What really intersting is that `mmr` and `sellingprice` are so highly correlated. I did not find an explanation in `wikipedia`. But with Google I found this https://www.autoauctionmall.com/learning-center/what-does-mmr-mean/. 
> MMR in the car business stands for Manheim Market Report, an indicator of wholesale prices.

> Manheim is a company established in 1945 as a car auction company. It has grown to a very reputable company and its MMR is a baseline tool for wholesale car price determination. They base their price calculations on over 10 million transaction over the past 13-month period to .

I think that explained  why `mmr` and `sellingprice` are so close to each other in the figure. `mmr` is a evaluation made by the Manheim company.The company should make full use of all the infomation of car like `model`,`odometer` and so on.

So it is **not** a good idea to take `mmr` as a explanatory feature.

### odometer: measuring the distance traveled by a vehicle

In [None]:
df['odometer'].mean()

In [None]:
(df['odometer']/1000).plot.hist(bins=50, alpha=0.5)

`odometer` means:
> An odometer or odograph is an instrument used for measuring the distance traveled by a vehicle, such as a bicycle or car. The device may be electronic, mechanical, or a combination of the two (electromechanical). The noun derives from ancient Greek ὁδόμετρον, hodómetron, from ὁδός, hodós ("path" or "gateway") and μέτρον, métron ("measure"). Early forms of the odometer existed in the ancient Greco-Roman world as well as in ancient China. In countries using Imperial units or US customary units it is sometimes called a mileometer or milometer, the former name especially being prevalent in the United Kingdom and among members of the Commonwealth.
> https://en.wikipedia.org/wiki/Odometer

From the figure above,the unit of measurement may be `kilometers`. If that is true, the mean odometer of used cars is 68000 kilometers.
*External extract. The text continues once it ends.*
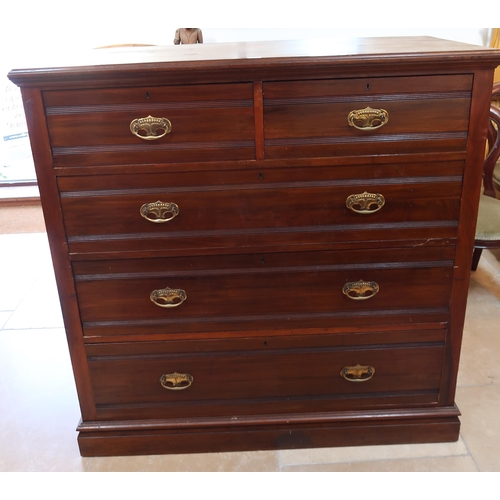 709 - A JAS Schoolbread chest of two short over three drawers - Width 122cm x Depth 54cm x Height 124cm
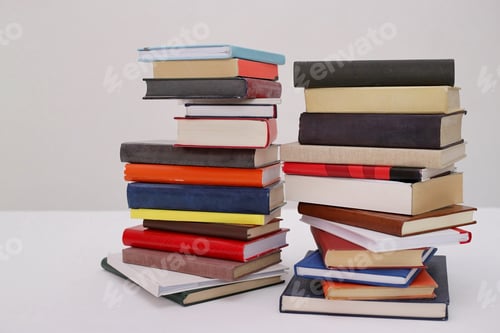 Preview: Books On White Table With White Background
And most of them are within 200000 kilometers.

### year: vehicle's model year

After checking several vins, the `year` equals vehicle's model year.

##  Data Preparation

 overview of the data


In [None]:
pd.DataFrame([df.isnull().mean(),df.dtypes,df.nunique()],index=['null_per','dtypes','nuique'])\
    .sort_values(by=['null_per'],axis=1,ascending=False)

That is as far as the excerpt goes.